Павел Щёголев - Падение царского режима. Том 5
Председатель. — Вы изволили быть министром юстиции с 6 апреля 1915 года[100] по 7 июля 1916 года и министром внутренних дел с 7 июля 1916 г. по 16 сентября того же года?
Хвостов. — Да, но в управление министерством внутренних дел я вступил по получении 11 июля 1916 г. из ставки указа о моем назначении.

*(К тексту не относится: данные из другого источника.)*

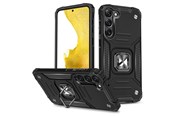 Handys - Cover & Cases - Wozinsky Ring Armor case for Samsung Galaxy S23+ armored cover magnetic holder ring black - 9145576274071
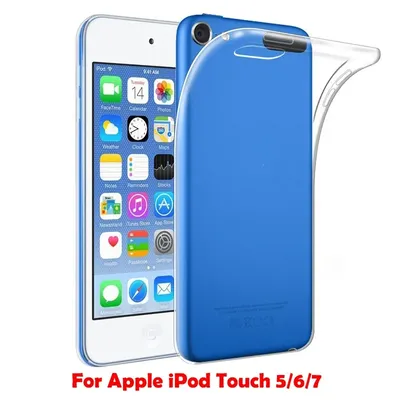 Transparent Soft TPU Case Sfor For Apple Ipod Touch 5 6 7 Case Slim Silicone Clear Protective For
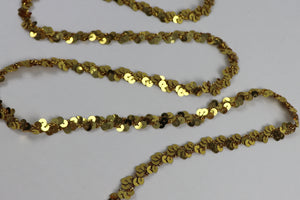 Band Pailletten metallic "gold"
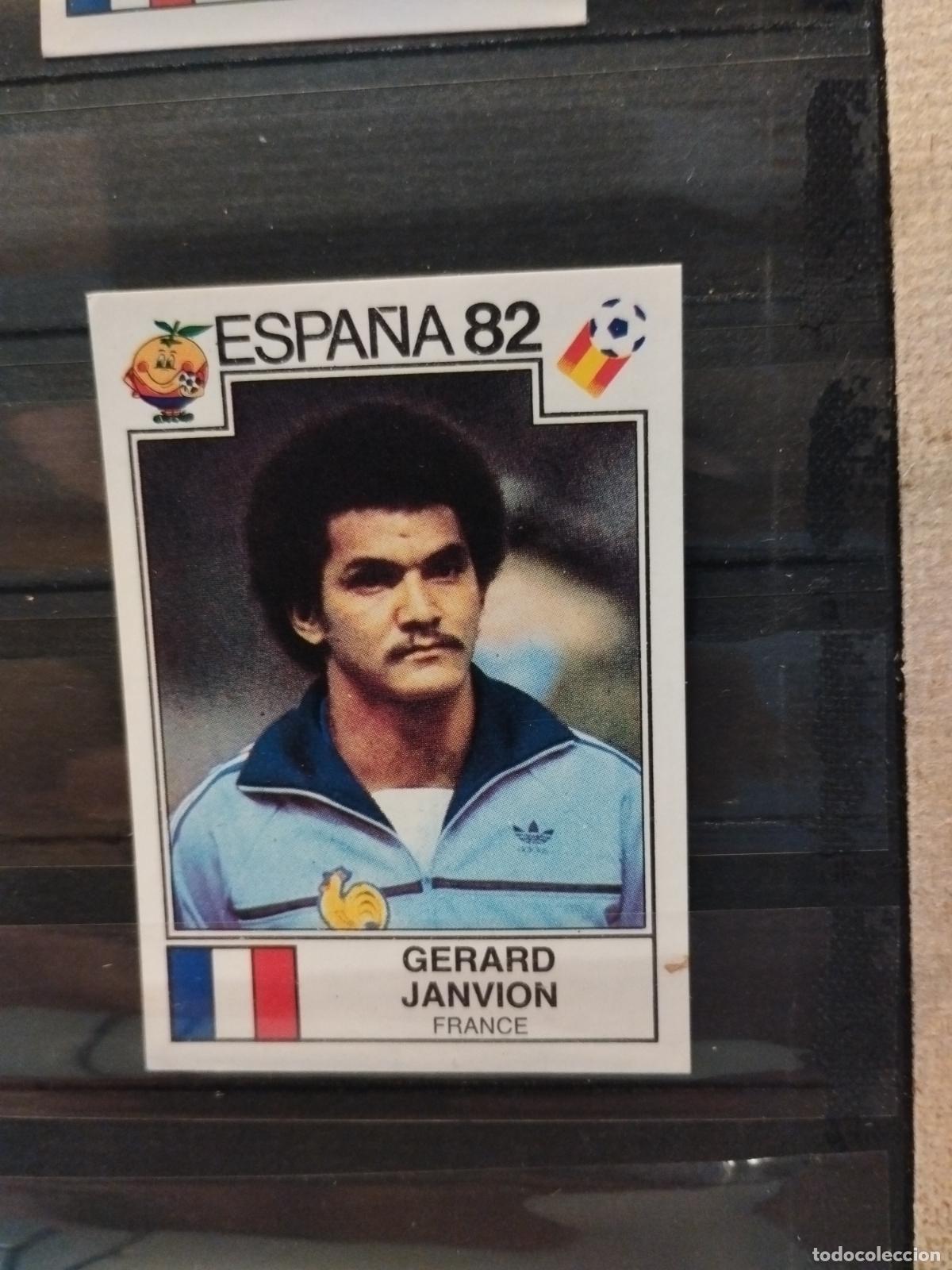 Fu&szlig;ball-Sticker: MUNDIAL DE FUTBOL ESPA&Ntilde;A 82. PANINI. N&ordm; 277. GERARD JANVION. FRANCIA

Председатель. — Будьте добры изложить вкратце, при каких обстоятельствах состоялось ваше назначение министром юстиции, чем были вызваны ваши перемещения на пост министра внутренних дел и ваш уход с этого поста, а также расскажите об обстоятельствах, при которых вы приняли министерство юстиции от вашего предшественника Щегловитова, как вы получили министерство от вашего предшественника Штюрмера и как вы сдали министерство вашему преемнику Протопопову?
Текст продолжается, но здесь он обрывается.